By Sophie Sadler
If you met Tiago Guerra at the Repsol petrol station in Lagos, where he works, you might think he was just a regular guy. But Tiago is one of a growing number of gaming enthusiasts who work remotely throughout the world on video game development – hoping one day to change their passion into a lucrative career.
Tiago was 15 when he started looking at ‘mods’ (modifications to existing games). He started to work as a voice actor, recording the soundtrack for these projects. In the process, he began to learn more about how these projects work and his passion was ignited.
He started to develop ‘mods’ and took a two-year professional course on Video Game Development at ETIC_Algarve. There are, however, very few avenues for pursuing this career in Portugal, so Tiago drives from Parchal in Lagoa to Lagos to work the petrol pumps, but in his spare time, he is pumping information to gamers as the community manager for a new game Chokepoint.
Tiago connects remotely with a number of gaming experts from around the world for Playnet. The US-based software company operates an internal software design and development studio called Cornered Rat Software. This studio is responsible for game project development which includes feature updates and support for existing titles, community management, marketing and customer support.
In June 2001, Playnet launched the industry’s first MMOG First Person Shooter, depicting the battles of World War II. Blitzkrieg broke new ground in terms of network code, physics and weapon modelling, offering players a 3D world of battle re-enactment which could all be played through the internet without a games console.
With more than 700,000 registered users over its 20-year history, the game maintains a steady subscriber base. Tiago’s job is to communicate with fans of the game about the new release in the WWII franchise. Called Chokepoint, it is already on a digital distribution channel.
The game is a microcosm of World War II and focuses on authentic combat in key battles with a quicker response time and Tiago’s job is to “keep the fans happy”. He tells me it is very difficult to get paid work in video game development until you have some work experience on a product but he hopes that working on the project might give him an opportunity to get into the industry in the future.

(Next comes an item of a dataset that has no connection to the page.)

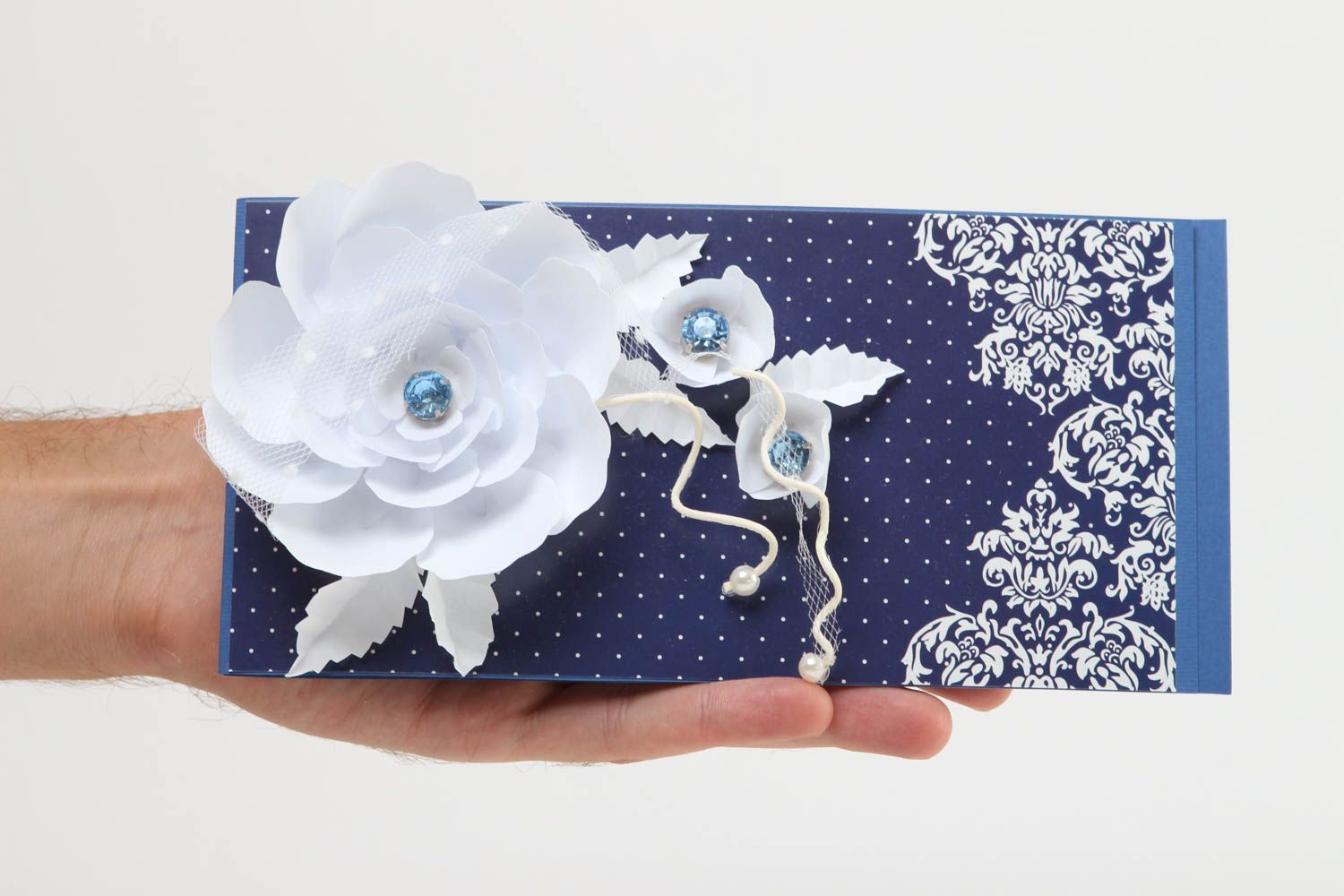 Handmade Karte mit Blumen ausgefallenes Geschenk schöne Grusskarte dunkelblau foto 5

Online creation tools such as Unreal Engine and Unity have evolved dramatically in the last few years allowing amateurs to create their own games. “Game development is very accessible now due to online resources,” Tiago tells me. “If anyone reading this wants to get into video game development I would say just dive in headfirst and give it a go as the barrier to entry has never been lower.”
Let’s hope Tiago wins his very own battle to be accepted in this exciting industry.